Task statement:
Task for the records below: copy exactly from the first line on, stopping once the line with "201 8th St, Port St. Joe 32456" is copied, and leave out the pictures.

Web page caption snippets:
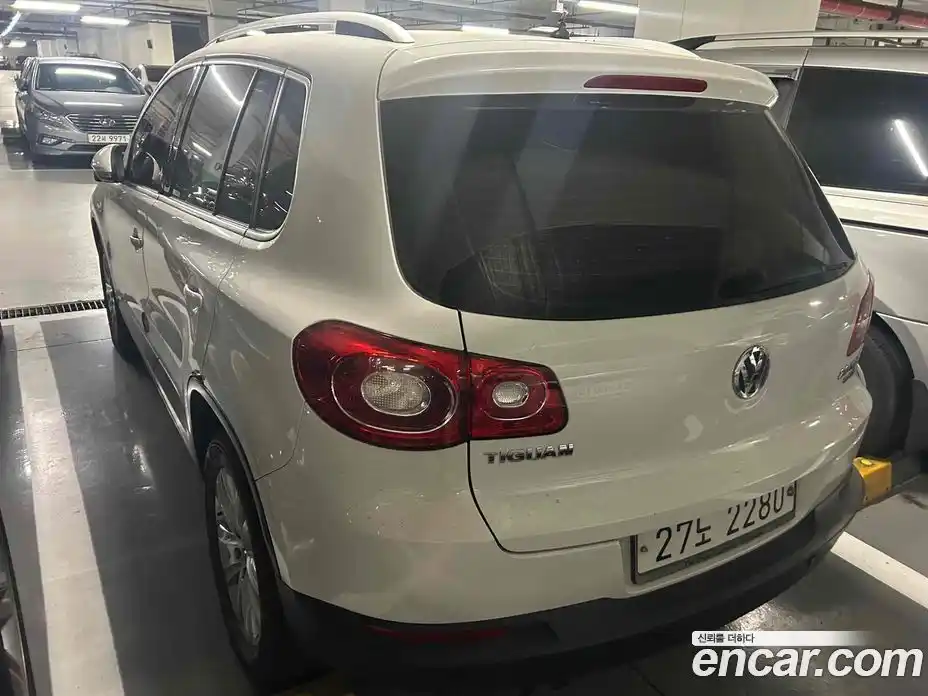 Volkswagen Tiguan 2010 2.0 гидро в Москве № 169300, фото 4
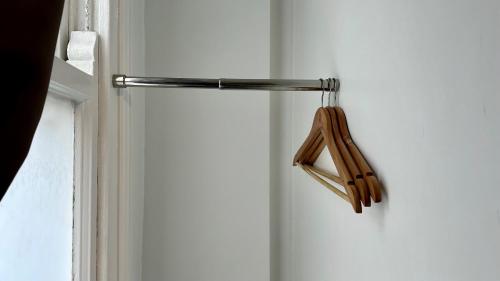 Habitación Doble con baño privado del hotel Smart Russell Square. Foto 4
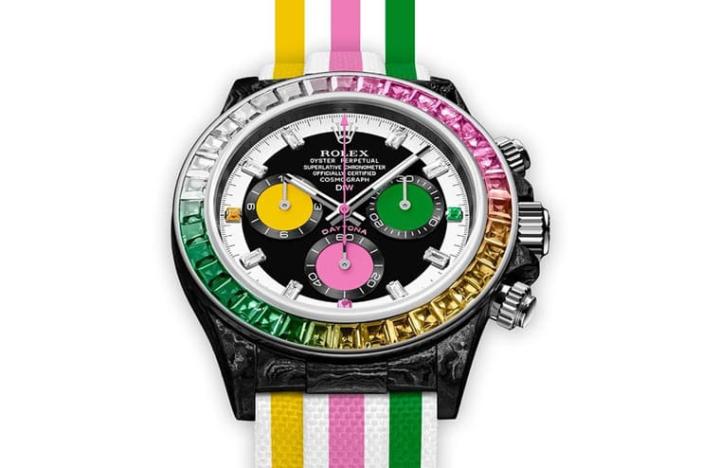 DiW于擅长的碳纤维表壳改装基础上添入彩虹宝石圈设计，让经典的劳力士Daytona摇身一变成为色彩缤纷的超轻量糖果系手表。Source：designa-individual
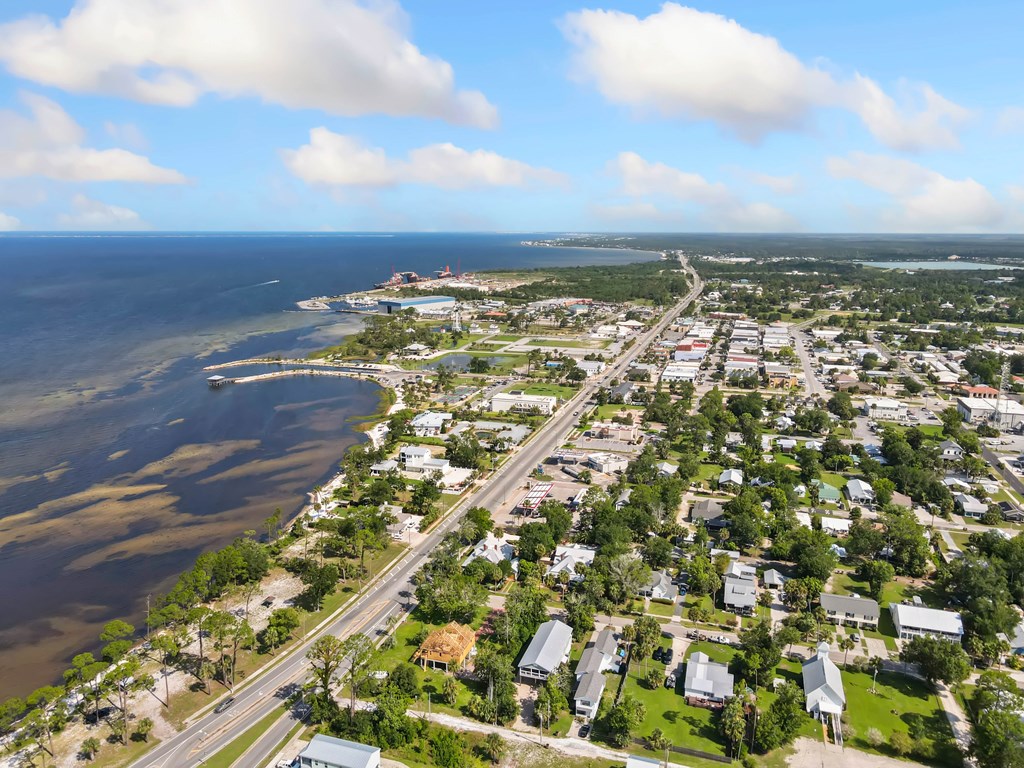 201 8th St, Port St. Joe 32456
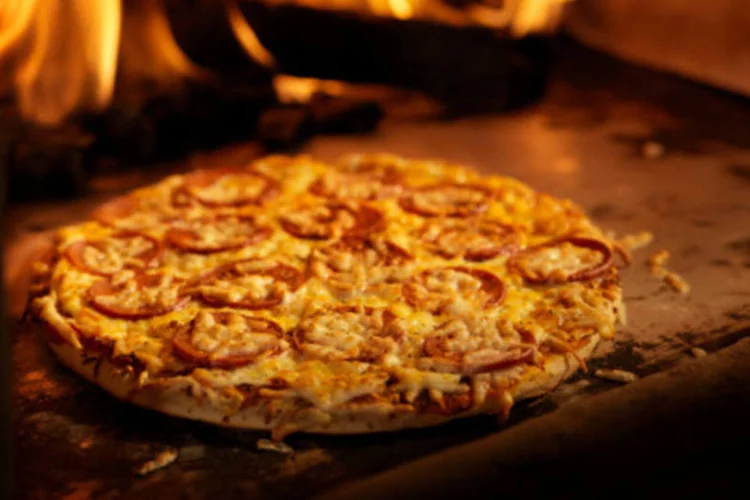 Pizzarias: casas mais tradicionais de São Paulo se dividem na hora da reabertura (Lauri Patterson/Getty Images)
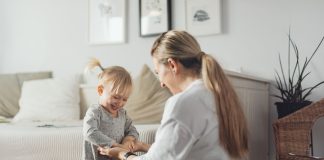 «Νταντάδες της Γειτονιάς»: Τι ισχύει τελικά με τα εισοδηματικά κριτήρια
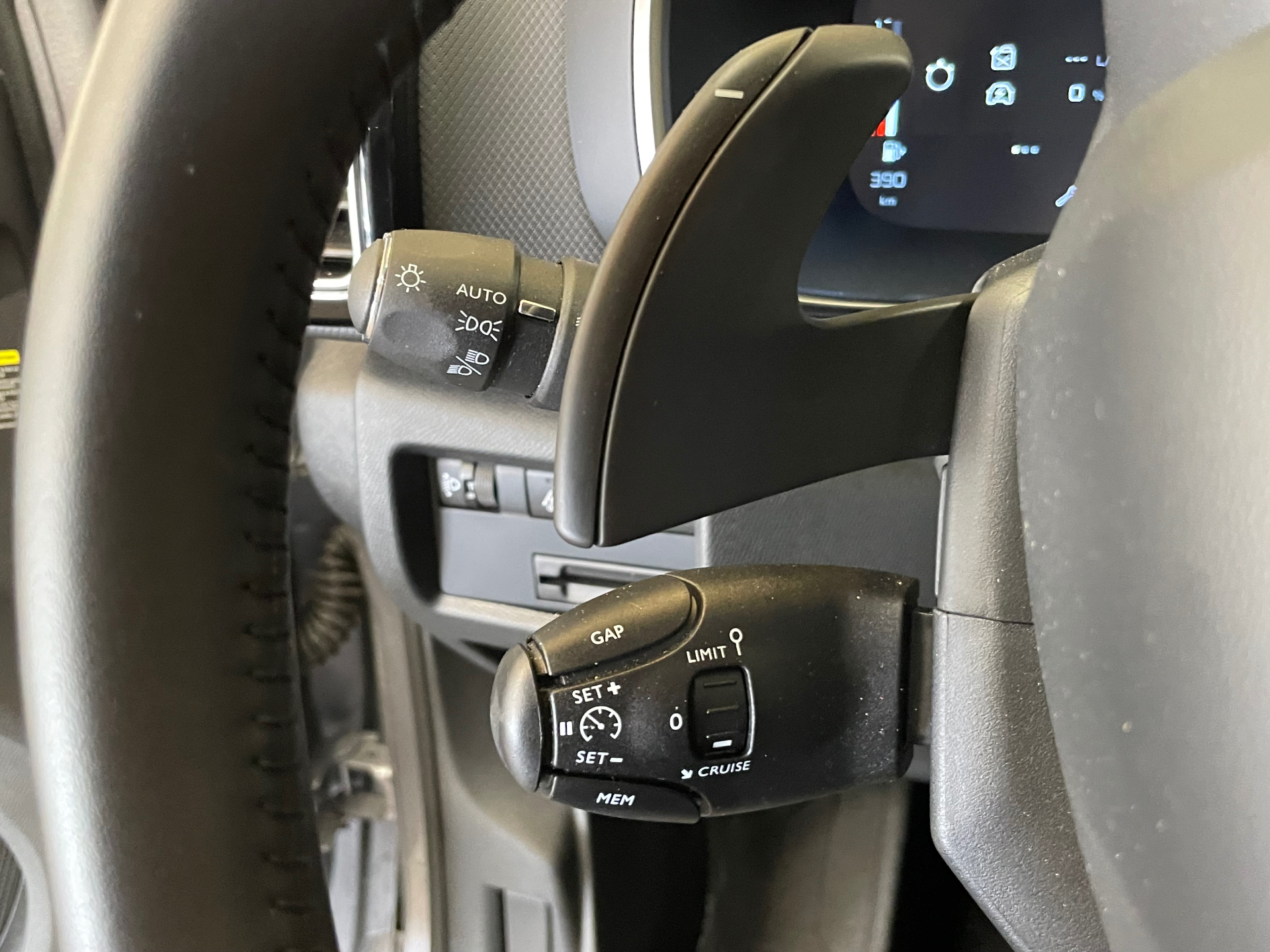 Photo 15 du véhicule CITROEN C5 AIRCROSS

Written reply:
 Volkswagen Tiguan 2010 2.0 гидро в Москве № 169300, фото 4
 Habitación Doble con baño privado del hotel Smart Russell Square. Foto 4
 DiW于擅长的碳纤维表壳改装基础上添入彩虹宝石圈设计，让经典的劳力士Daytona摇身一变成为色彩缤纷的超轻量糖果系手表。Source：designa-individual
 201 8th St, Port St. Joe 32456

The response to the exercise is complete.